Salah satu contoh, pada formulir penerimaan karyawan baru, biasanya kandidat diminta untuk menuliskan alamat email pribadinya pada salah satu kolom yang disediakan. Namun, kini tak hanya alamat email pribadi yang diminta oleh perusahaan, melainkan juga akun media sosial yang dimiliki oleh calon karyawannya.
Untuk apa kira-kira perusahaan ingin mengetahui tentang media sosial milik calon karyawannya? Ada banyak kemungkinan untuk menjawab pertanyaan ini.
Pertama, perusahaan ingin mengenal lebih jauh tentang bagaimana sosok pribadi sekaligus kehidupan sosial calon karyawannya. Siapa dia, siapa teman-temannya, dan mungkin tentang bagaimana gaya hidupnya.
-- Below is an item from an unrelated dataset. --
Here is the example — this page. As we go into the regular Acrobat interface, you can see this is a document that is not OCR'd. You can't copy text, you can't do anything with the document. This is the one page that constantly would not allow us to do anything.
Kedua, dengan mengamati postingan yang diunggah dalam media sosial tersebut, perusahaan dapat mengetahui karakter dan kepribadian calon karyawannya. Berapa sering ia mengupdate status dan membagikan momen lewat foto.
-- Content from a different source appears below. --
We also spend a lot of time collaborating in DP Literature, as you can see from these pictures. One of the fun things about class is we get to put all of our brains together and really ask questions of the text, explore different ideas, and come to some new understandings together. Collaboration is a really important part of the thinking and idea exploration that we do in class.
Ketiga, memiliki media sosial menjadi sebuah pengakuan tersendiri. Di mana saat calon karyawan tersebut memiliki media sosial, perusahaan menilainya sebagai pribadi yang aktif, memiliki koneksi yang baik, dan yang pasti tidak ketinggalan zaman.
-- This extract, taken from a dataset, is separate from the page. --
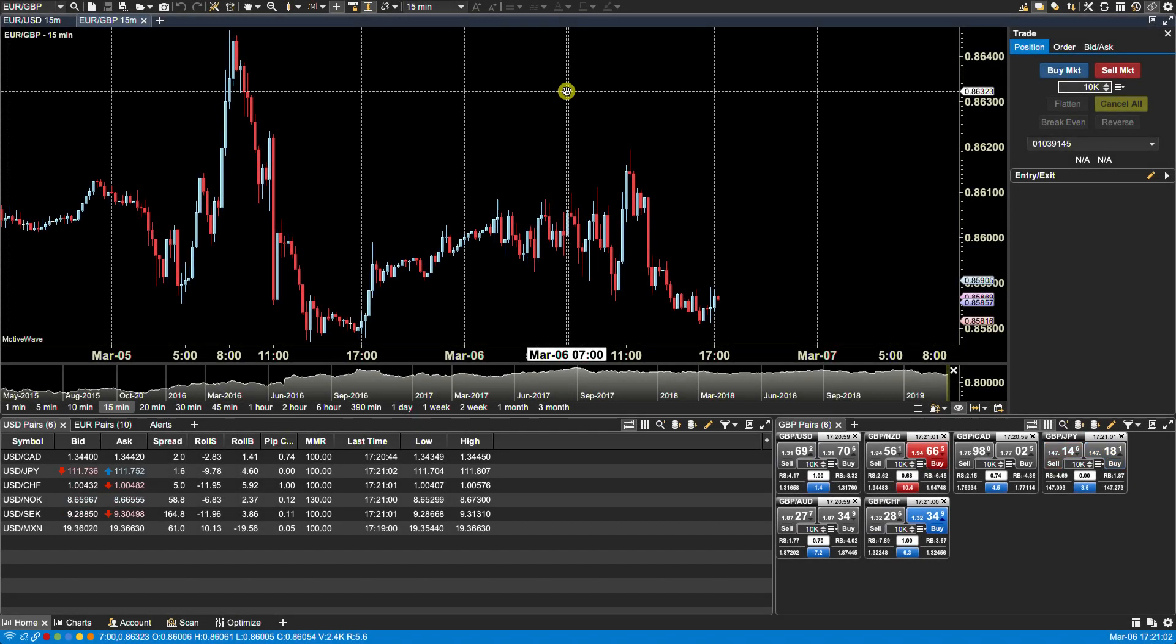In this video we will be discussing working with panels. Motive Wave allows you to resize panels either vertically or horizontally within the active area.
Tak sebatas untuk urusan pekerjaan yang terikat dengan perusahaan, kini memiliki akun media sosial telah menjadi sebuah persyaratan umum dalam berbagai kepentingan, yang menyangkut setiap individu dalam kehidupannya sebagai makhluk sosial.
Namun, terlepas dari segala tuntutan tersebut, bukankah setiap individu juga berhak untuk menjaga privasinya? Maka, mengambil pilihan lowkey merupakan pilihan yang tepat dalam bermedia sosial.
Mengutip situs unesa.ac.id, lowkey adalah slang yang digunakan untuk menggambarkan sesuatu yang dilakukan atau dirasakan dengan intensitas yang rendah, tersembunyi, atau tidak terlalu mencolok.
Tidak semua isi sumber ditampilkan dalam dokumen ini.